# [PROBLEM TO WORK ON]
Print the material below exactly as it stands, please, from its first line to the line holding "Ladder' ebook cover.", with no pictures.

*** INFORMATION SUPPLIED ***

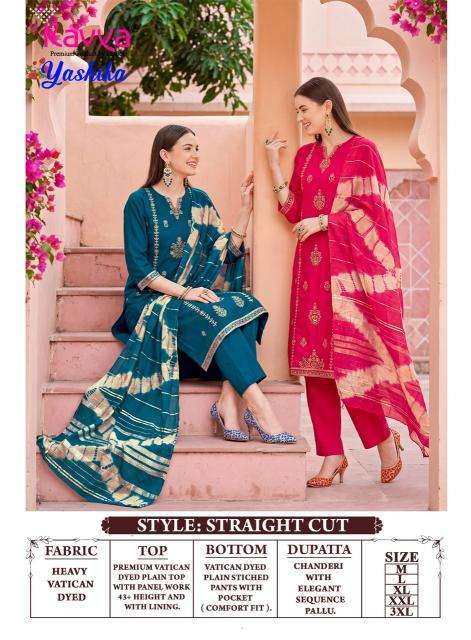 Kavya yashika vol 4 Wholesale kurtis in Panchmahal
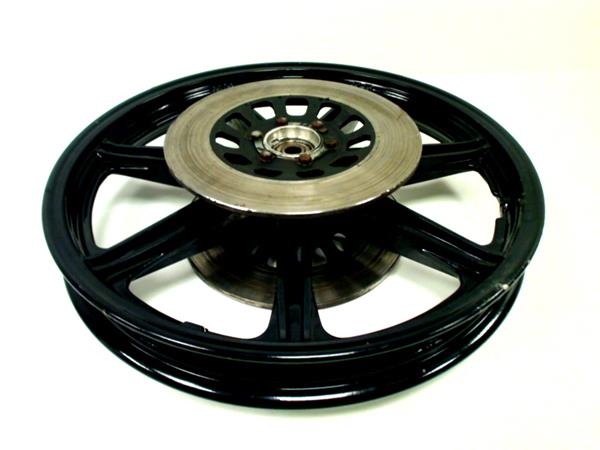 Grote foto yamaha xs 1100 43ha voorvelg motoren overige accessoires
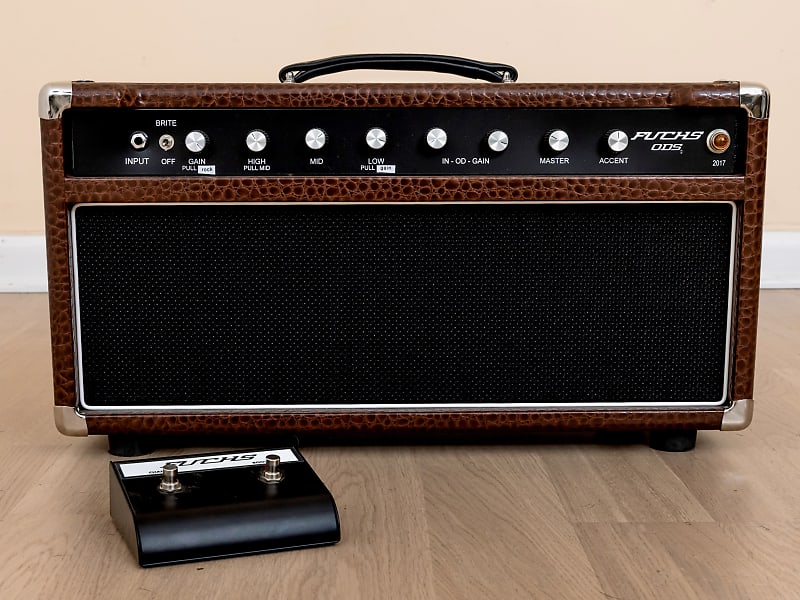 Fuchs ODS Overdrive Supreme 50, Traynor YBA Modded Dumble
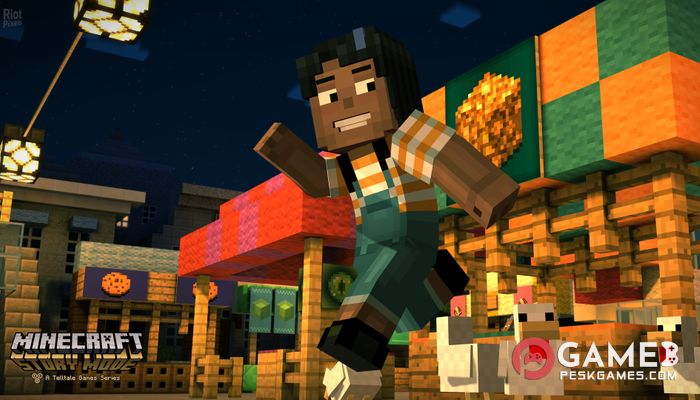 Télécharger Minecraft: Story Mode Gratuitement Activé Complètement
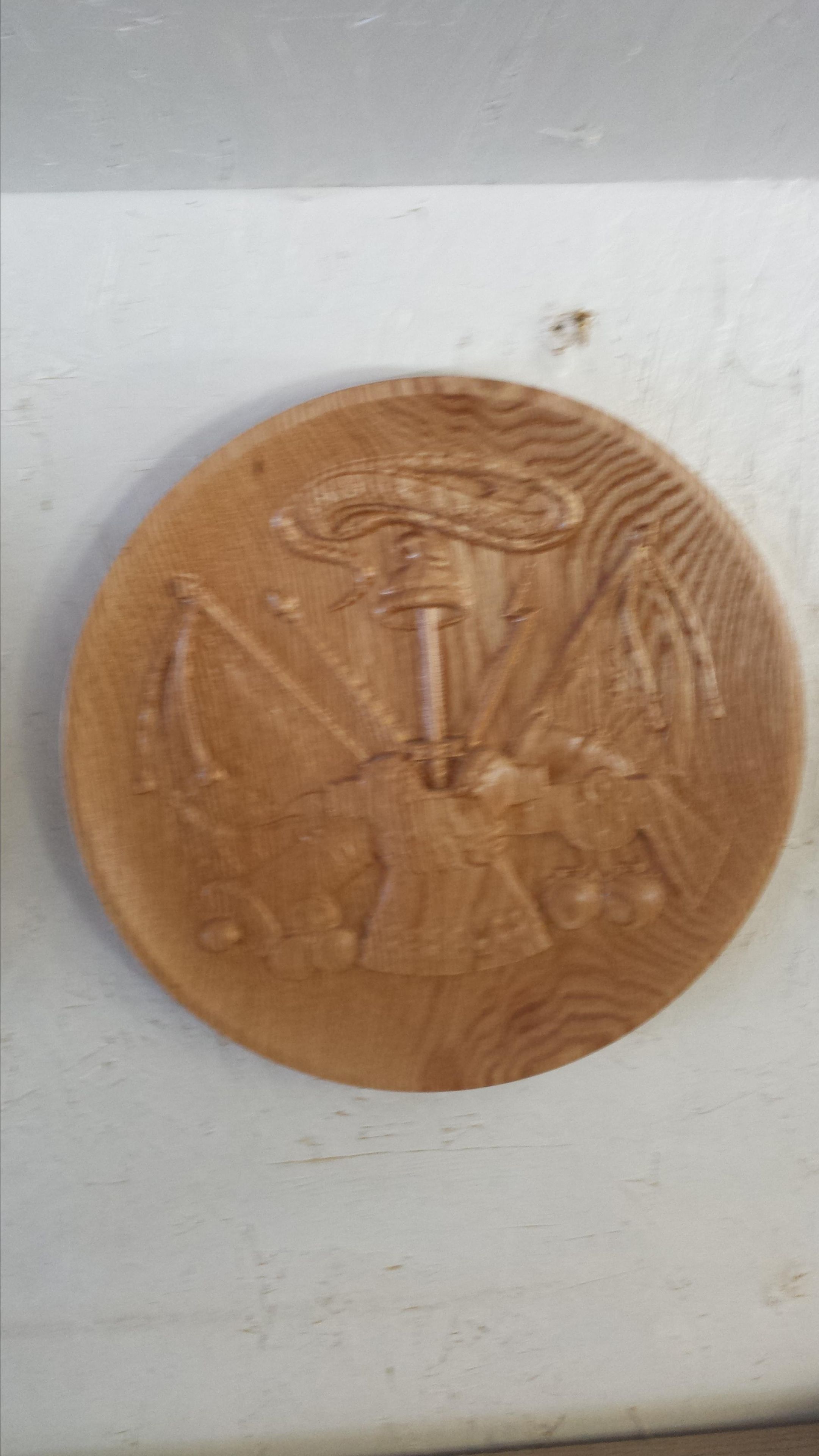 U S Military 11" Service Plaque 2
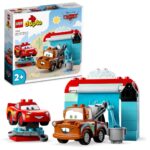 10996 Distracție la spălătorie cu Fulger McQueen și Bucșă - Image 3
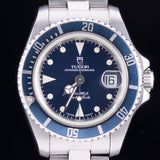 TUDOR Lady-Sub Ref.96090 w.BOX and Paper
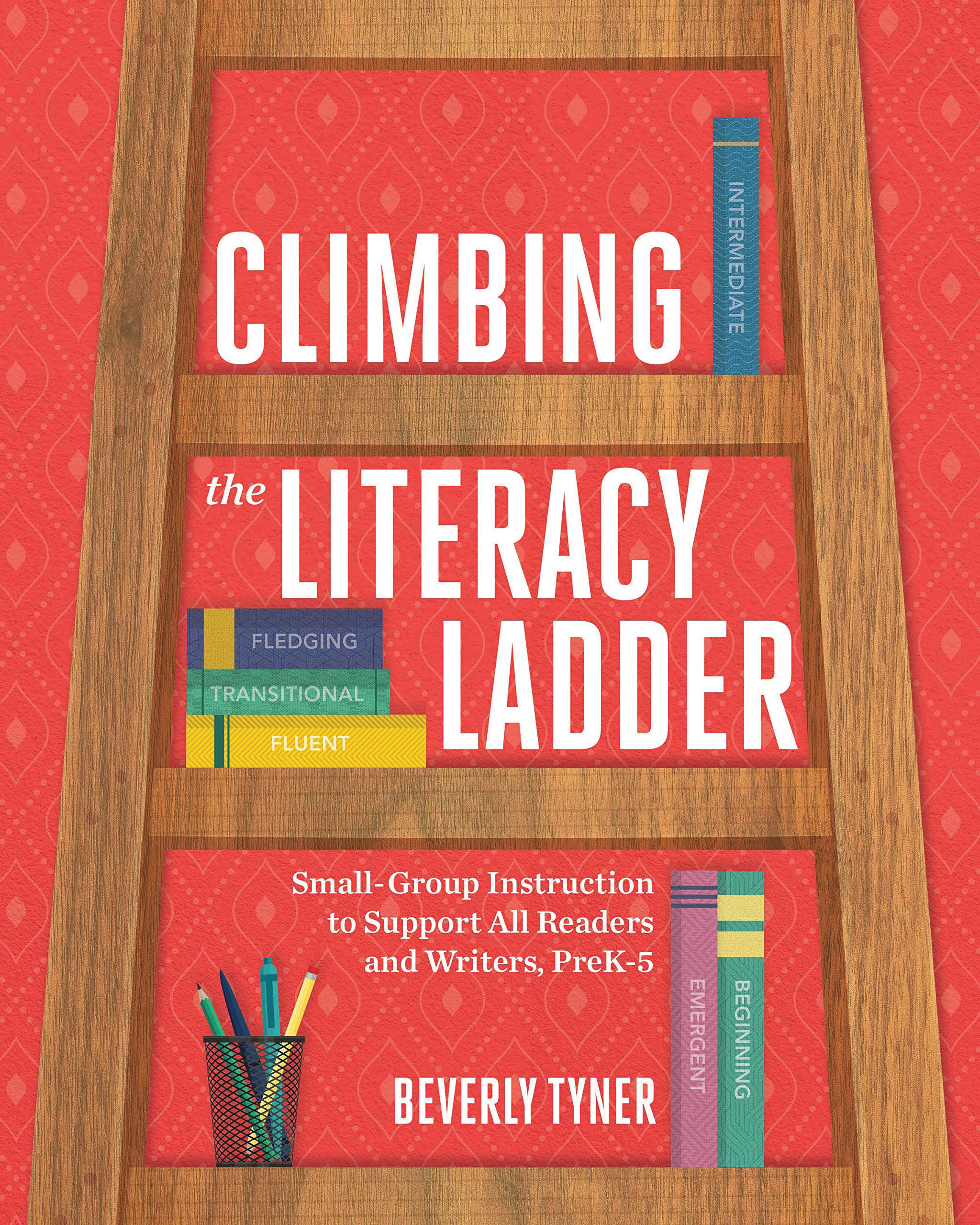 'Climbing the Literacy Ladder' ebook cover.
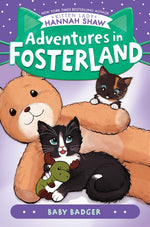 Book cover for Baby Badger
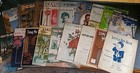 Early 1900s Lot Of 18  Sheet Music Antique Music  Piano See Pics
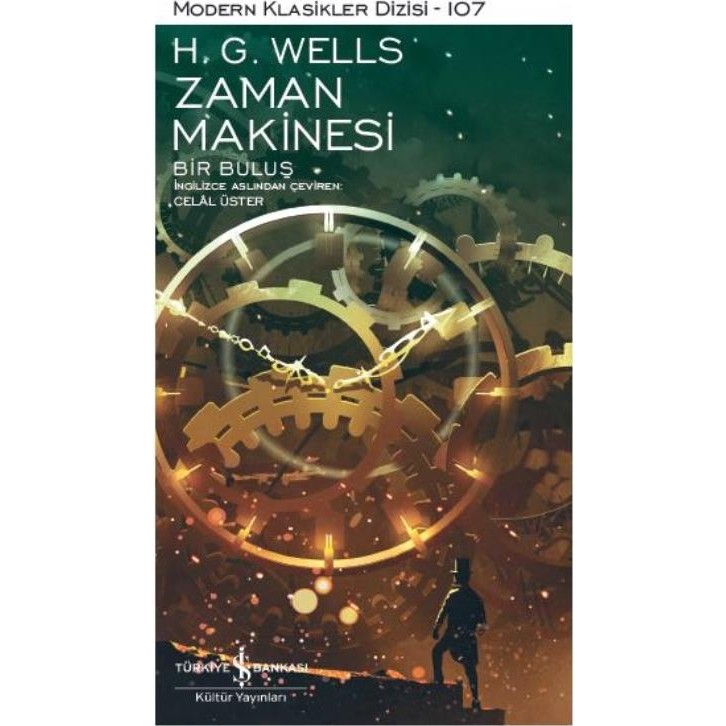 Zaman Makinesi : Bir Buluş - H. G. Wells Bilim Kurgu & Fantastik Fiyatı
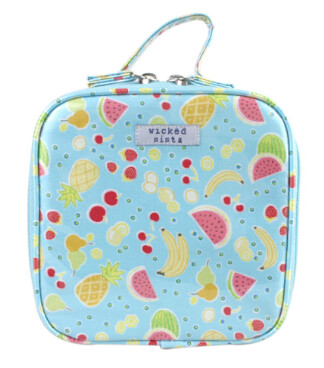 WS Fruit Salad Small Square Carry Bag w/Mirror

*** End of INFORMATION SUPPLIED ***

# [REPLY]
 Kavya yashika vol 4 Wholesale kurtis in Panchmahal
 Grote foto yamaha xs 1100 43ha voorvelg motoren overige accessoires
 Fuchs ODS Overdrive Supreme 50, Traynor YBA Modded Dumble
 Télécharger Minecraft: Story Mode Gratuitement Activé Complètement
 U S Military 11" Service Plaque 2
 10996 Distracție la spălătorie cu Fulger McQueen și Bucșă - Image 3
 TUDOR Lady-Sub Ref.96090 w.BOX and Paper
 'Climbing the Literacy Ladder' ebook cover.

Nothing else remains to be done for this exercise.